I'm a big fan of workplace 401(k) retirement plans. My 401(k) is the largest investment I own. And I'm convinced that part of the reason for the wealth gap in this country is the availability of 401(k)-style retirement plans for the "have" segment and the lack of such programs for the "have-nots."
So when yet another survey touting the benefits of 401(k)s came out this month, I initially gave it little thought. This one, from Wells Fargo Advisors, like many before it, underscored the positive impact that 401(k) plans can have. Among the 1,200-plus adults interviewed, those with a 401(k)-type plan reported $87,000 in median savings, compared with $10,000 for those lacking access.
"The most glaring difference to me lies in how much people with access have saved for retirement, comparatively," said Joe Ready, head of Wells Fargo Institutional Retirement & Trust, in a statement.
All of which leads to the natural conclusion that having access to a workplace retirement plan is the key to financial success. But that's not necessarily the case.
Anyone with a regular paycheck actually could fare at least as well, and possibly better, investing outside a 401(k) plan ... assuming they mimic the ongoing saving habits of 401(k) investors. Don't think so? Consider how these common benefits of 401(k)s really shake out:
When most people invest in a 401(k), the money goes in on a pretax basis and grows tax-sheltered until withdrawn. This is a nice tax break. Nevertheless, when the money comes out, it will be taxed as ordinary income. If you instead invest outside of a 401(k) plan in a low-cost, tax-efficient index mutual fund or exchange-traded fund, your earnings would be mostly or entirely tax-deferred until withdrawn, when possibly much lower capital-gains rates would apply.
In general, withdrawals from 401(k) accounts made prior to age 59½ trigger a 10% tax penalty, along with the regular tax bite. There are some ways to skirt this penalty, but no penalty applies on non-retirement accounts.
Eventually, the money in a traditional 401(k) plan will need to come out and taxes will have to be paid.
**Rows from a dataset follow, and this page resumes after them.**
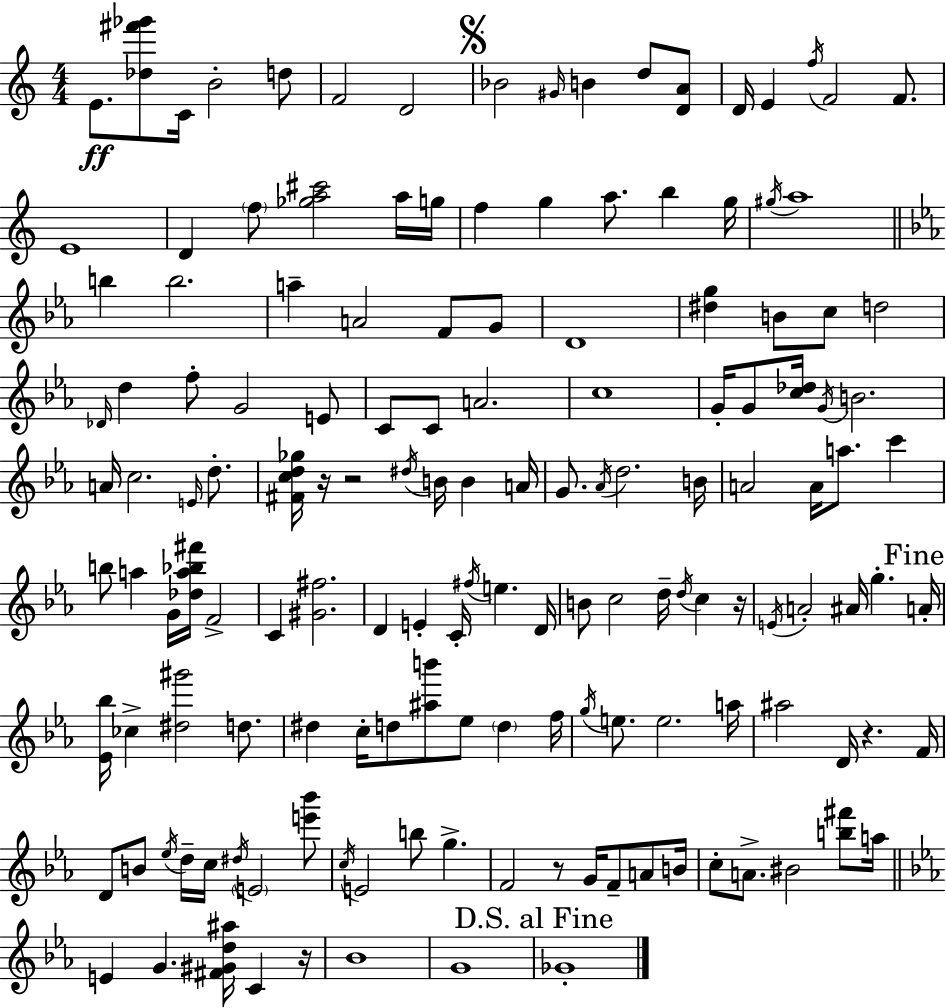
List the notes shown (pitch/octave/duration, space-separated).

E4/e. [Db5,F#6,Gb6]/e C4/s B4/h D5/e F4/h D4/h Bb4/h G#4/s B4/q D5/e [D4,A4]/e D4/s E4/q F5/s F4/h F4/e. E4/w D4/q F5/e [Gb5,A5,C#6]/h A5/s G5/s F5/q G5/q A5/e. B5/q G5/s G#5/s A5/w B5/q B5/h. A5/q A4/h F4/e G4/e D4/w [D#5,G5]/q B4/e C5/e D5/h Db4/s D5/q F5/e G4/h E4/e C4/e C4/e A4/h. C5/w G4/s G4/e [C5,Db5]/s G4/s B4/h. A4/s C5/h. E4/s D5/e. [F#4,C5,D5,Gb5]/s R/s R/h D#5/s B4/s B4/q A4/s G4/e. Ab4/s D5/h. B4/s A4/h A4/s A5/e. C6/q B5/e A5/q G4/s [Db5,A5,Bb5,F#6]/s F4/h C4/q [G#4,F#5]/h. D4/q E4/q C4/s F#5/s E5/q. D4/s B4/e C5/h D5/s D5/s C5/q R/s E4/s A4/h A#4/s G5/q. A4/s [Eb4,Bb5]/s CES5/q [D#5,G#6]/h D5/e. D#5/q C5/s D5/e [A#5,B6]/e Eb5/e D5/q F5/s G5/s E5/e. E5/h. A5/s A#5/h D4/s R/q. F4/s D4/e B4/e Eb5/s D5/s C5/s D#5/s E4/h [E6,Bb6]/e C5/s E4/h B5/e G5/q. F4/h R/e G4/s F4/e A4/e B4/s C5/e A4/e. BIS4/h [B5,F#6]/e A5/s E4/q G4/q. [F#4,G#4,D5,A#5]/s C4/q R/s Bb4/w G4/w Gb4/w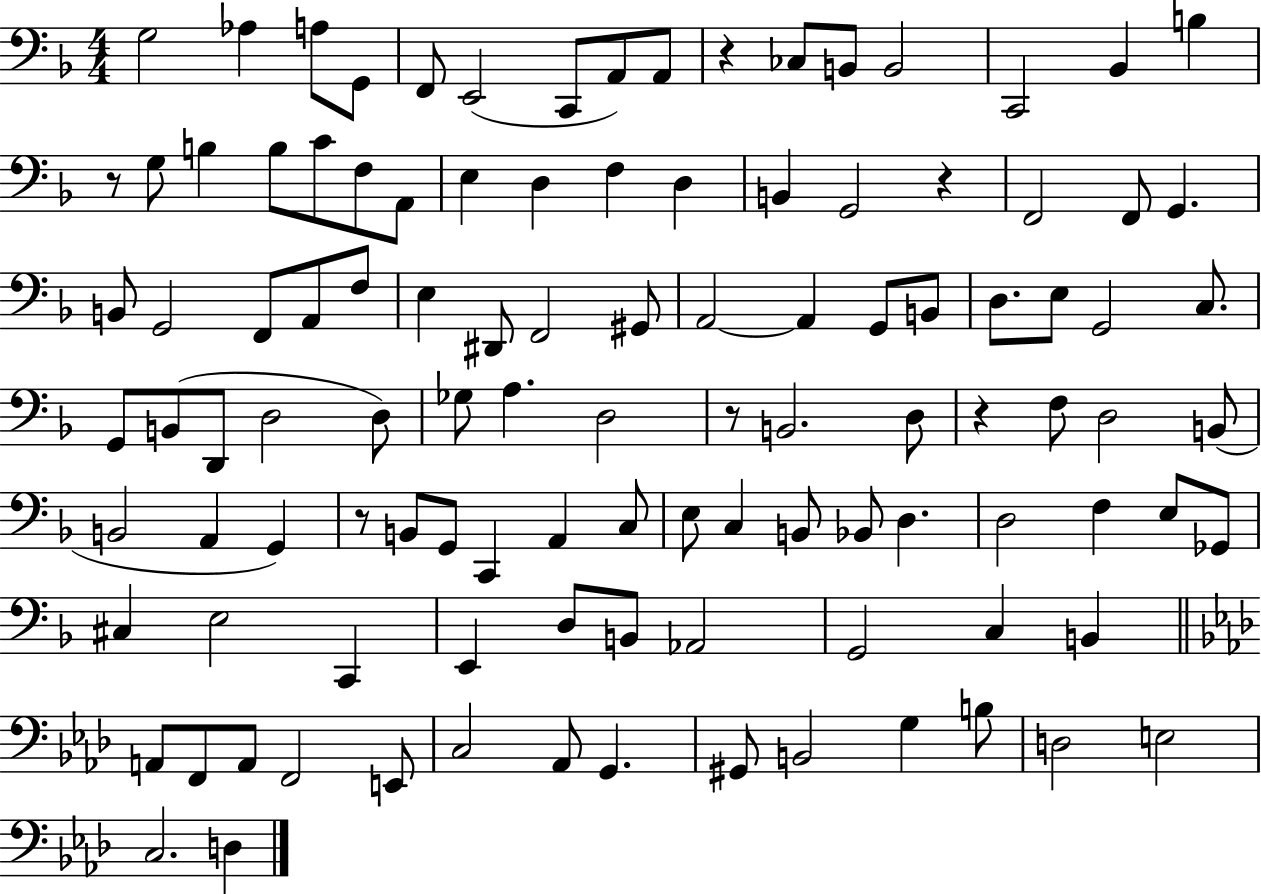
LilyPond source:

{
  \clef bass
  \numericTimeSignature
  \time 4/4
  \key f \major
  g2 aes4 a8 g,8 | f,8 e,2( c,8 a,8) a,8 | r4 ces8 b,8 b,2 | c,2 bes,4 b4 | \break r8 g8 b4 b8 c'8 f8 a,8 | e4 d4 f4 d4 | b,4 g,2 r4 | f,2 f,8 g,4. | \break b,8 g,2 f,8 a,8 f8 | e4 dis,8 f,2 gis,8 | a,2~~ a,4 g,8 b,8 | d8. e8 g,2 c8. | \break g,8 b,8( d,8 d2 d8) | ges8 a4. d2 | r8 b,2. d8 | r4 f8 d2 b,8( | \break b,2 a,4 g,4) | r8 b,8 g,8 c,4 a,4 c8 | e8 c4 b,8 bes,8 d4. | d2 f4 e8 ges,8 | \break cis4 e2 c,4 | e,4 d8 b,8 aes,2 | g,2 c4 b,4 | \bar "||" \break \key aes \major a,8 f,8 a,8 f,2 e,8 | c2 aes,8 g,4. | gis,8 b,2 g4 b8 | d2 e2 | \break c2. d4 | \bar "|."
}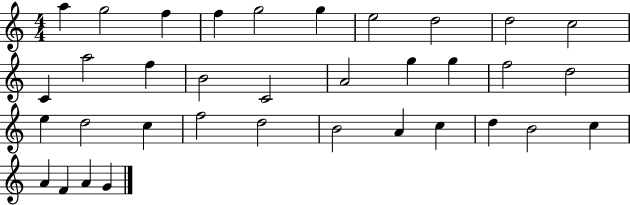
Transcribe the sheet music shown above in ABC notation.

X:1
T:Untitled
M:4/4
L:1/4
K:C
a g2 f f g2 g e2 d2 d2 c2 C a2 f B2 C2 A2 g g f2 d2 e d2 c f2 d2 B2 A c d B2 c A F A G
These withdrawals can gunk up the rest of your finances. In particular, if you start making large 401(k) withdrawals while drawing monthly Social Security benefits, the former could be high enough to make some of the latter taxable. If you instead use a non-401(k) investment, you have much greater flexibility in deciding whether, and when, to make withdrawals.
Some 401(k) plans offer a wide lineup of investments, but they won't exceed what you can find on your own. On average, 401(k) plans offer 19 mutual funds or other choices, according to the Plan Sponsor Council of America. Meanwhile, investors outside of 401(k)s have thousands to choose from.
Employer matching funds
This is the one unequivocal advantage of 401(k) plans compared with investing on your own. Many companies offer up to several thousand dollars a year to encourage workers to participate. The most common match cited by PSCA research is 50 cents on the dollar, covering the first 6% of pay. It's free money. However, matching funds are nice, but they usually represent only a modest slice of an account's balance.
So what's the most valuable benefit of 401(k)s? I think it's the ability to have money regularly deducted from each paycheck and invested automatically. The Wells Fargo report touched on this. "The power of automated, systematic saving and investing for retirement through payroll deductions works," Ready said.
But this is not a feature unique to 401(k)s — hundreds of mutual-fund groups and other investment companies will gladly set you up with automatic investing from each paycheck or your checking account.
So if you don't have 401(k) coverage at work, all is not lost. But it does take effort and discipline to set up an automated, long-term investment plan, stick with it and not touch the money too often.